[Task objective] From top to bottom, write out the listing exactly and skip every picture.

[Dataset section]
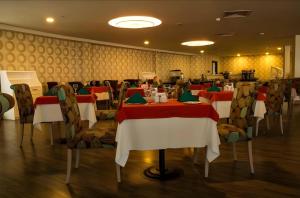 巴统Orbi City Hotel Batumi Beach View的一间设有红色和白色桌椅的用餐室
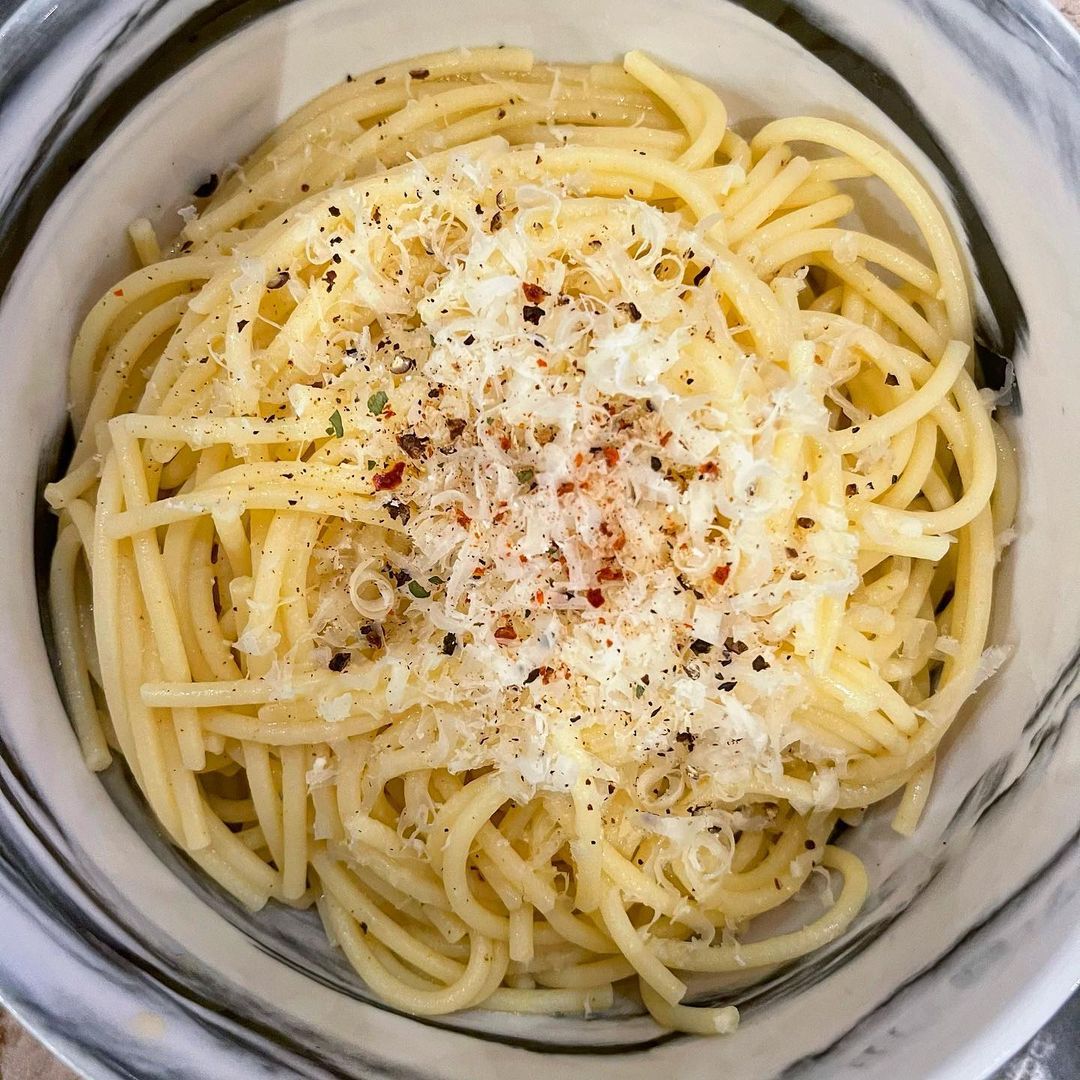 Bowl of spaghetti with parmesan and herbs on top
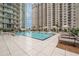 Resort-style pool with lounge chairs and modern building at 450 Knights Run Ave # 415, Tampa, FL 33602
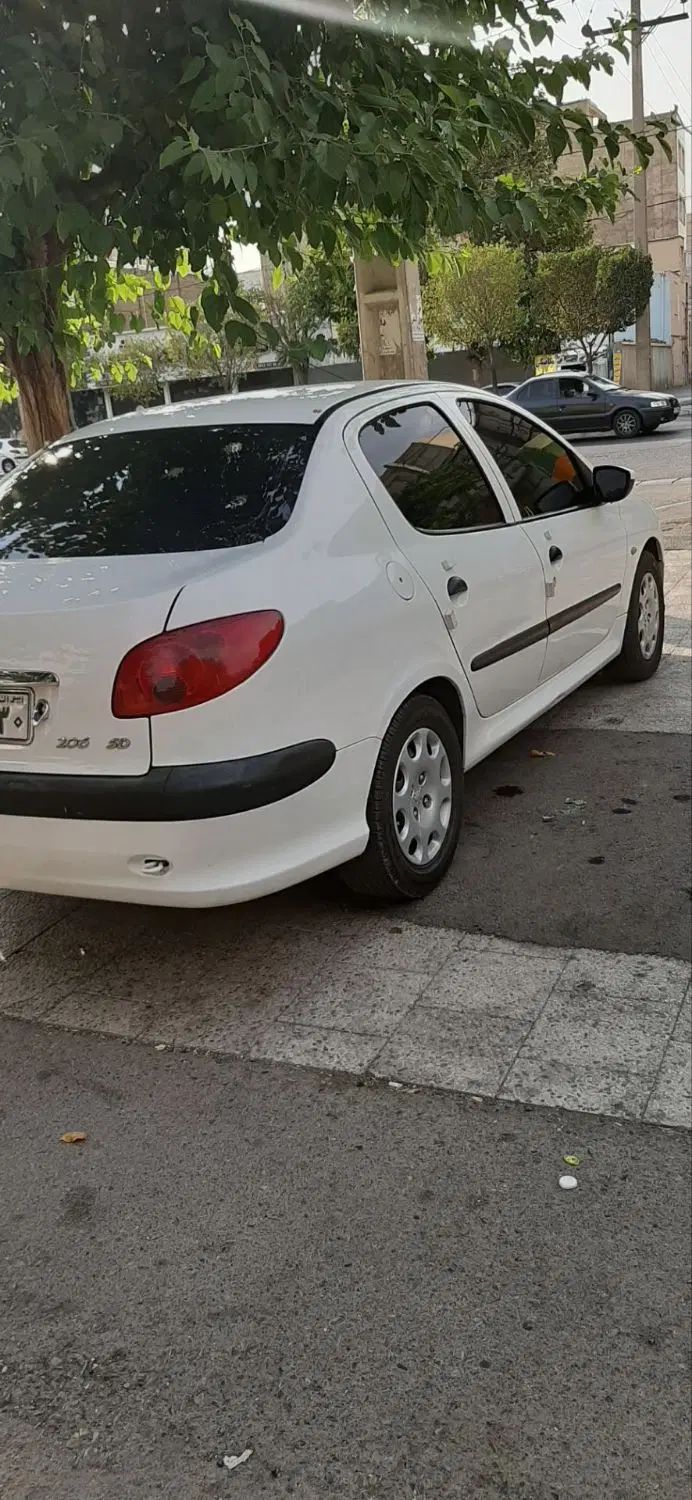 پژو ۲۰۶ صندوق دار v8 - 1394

[Response area]
 巴统Orbi City Hotel Batumi Beach View的一间设有红色和白色桌椅的用餐室
 Bowl of spaghetti with parmesan and herbs on top
 Resort-style pool with lounge chairs and modern building at 450 Knights Run Ave # 415, Tampa, FL 33602
 پژو ۲۰۶ صندوق دار v8 - 1394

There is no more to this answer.